The Shortest Guide to Web Scraping in Python

Roughly 328.77 million terabytes of data are created daily on the internet. With the advancement of AI, data has become more relevant than ever. One of the common programming languages for collecting and gathering data is Python.

Python provides you with an ecosystem you can turn to when working on a web scraping project. You’ll see how to use Python and its libraries for your web scraping task.

Prerequisites

You’ll need the following knowledge and tools:

Getting started with BeautifulSoup

BeautifulSoup is a well-known Python library for parsing XML and HTML documents. It makes it easy to navigate and extract data from web pages.

To get started with BeautifulSoup, install it using pip:

pip install beautifulsoup4

When a webpage is processed, BeautifulSoup constructs a parse tree that is used to extract content from HTML; this makes it an effective tool for parsing web pages.

Here’s a basic example of extracting data from a webpage:

from bs4 import BeautifulSoup
import requests

# Send an HTTP request to the URL
response = requests.get('https://www.crummy.com/software/BeautifulSoup/bs4/doc/')
# Create a soup object
soup = BeautifulSoup(response.text, 'html.parser')


# Find and extract data
title = soup.title.text
print(f"Title: {title}")

extract page title with bs4

Using selenium for interactivity

Although BS4 works great with static sites, most websites rely heavily on JavaScript. Selenium allows you to interact with and scrape websites that rely heavily on JavaScript for rendering content.

Run the command below to install Selenium and webdriver-manager packages. The webdriver-manager package helps you set up a Selenium webdriver conveniently on your machine.

pip install selenium webdriver-manager

Below’s an example that opens Google's homepage and clicks the "I'm Feeling Lucky" button:

from selenium import webdriver
from selenium.webdriver.chrome.service import Service as ChromeService
from webdriver_manager.chrome import ChromeDriverManager
from selenium.webdriver.support.wait import WebDriverWait
from selenium.webdriver.common.by import By

# create driver instance
driver = webdriver.Chrome(service=ChromeService(ChromeDriverManager().install()))

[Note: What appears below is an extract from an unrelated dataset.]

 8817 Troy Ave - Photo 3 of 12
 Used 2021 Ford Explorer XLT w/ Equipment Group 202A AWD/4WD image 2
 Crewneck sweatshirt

driver.get('https://www.google.com/')

# Find and click the button
feeling_lucky_button = driver.find_elements(By.CLASS_NAME, 'RNmpXc')
feeling_lucky_button[1].click()
WebDriverWait(driver, 15)

Selenium provides you with a plethora of methods and functionality to enable you to interact with websites through your code.

click button with selenium

Querying an API directly

Many websites provide APIs (Application Programming Interfaces) that allow you to retrieve structured data directly. This is often the most reliable and ethical way to obtain data from a website.

To query an API directly, use the requests library to make HTTP requests to the API endpoints.

import requests
response = requests.get('https://www.reddit.com/r/python/top.json')
data = response.json()
# process the data
print(data)

querying API

Using API libraries

There also exist API libraries created by the community. These libraries simplify the process of interacting with the website's data. For instance, TikTokAPIPy is a Python library for scraping TikTok data.

pip install TikTokAPIPy

Here’s an example use case:

from tiktokapipy.api import TikTokAPI

with TikTokAPI() as api:
    user = api.user("daveyhert", video_limit=5)
    print(dict(user.stats)["video_count"])

using API library

Conclusion

This guide introduced you to four different methods of web scraping in Python. Whether you choose BeautifulSoup for static web pages, Selenium for dynamic content, direct API queries, or specialized API libraries, remember to scrape responsibly and respect a website's terms of use and policies.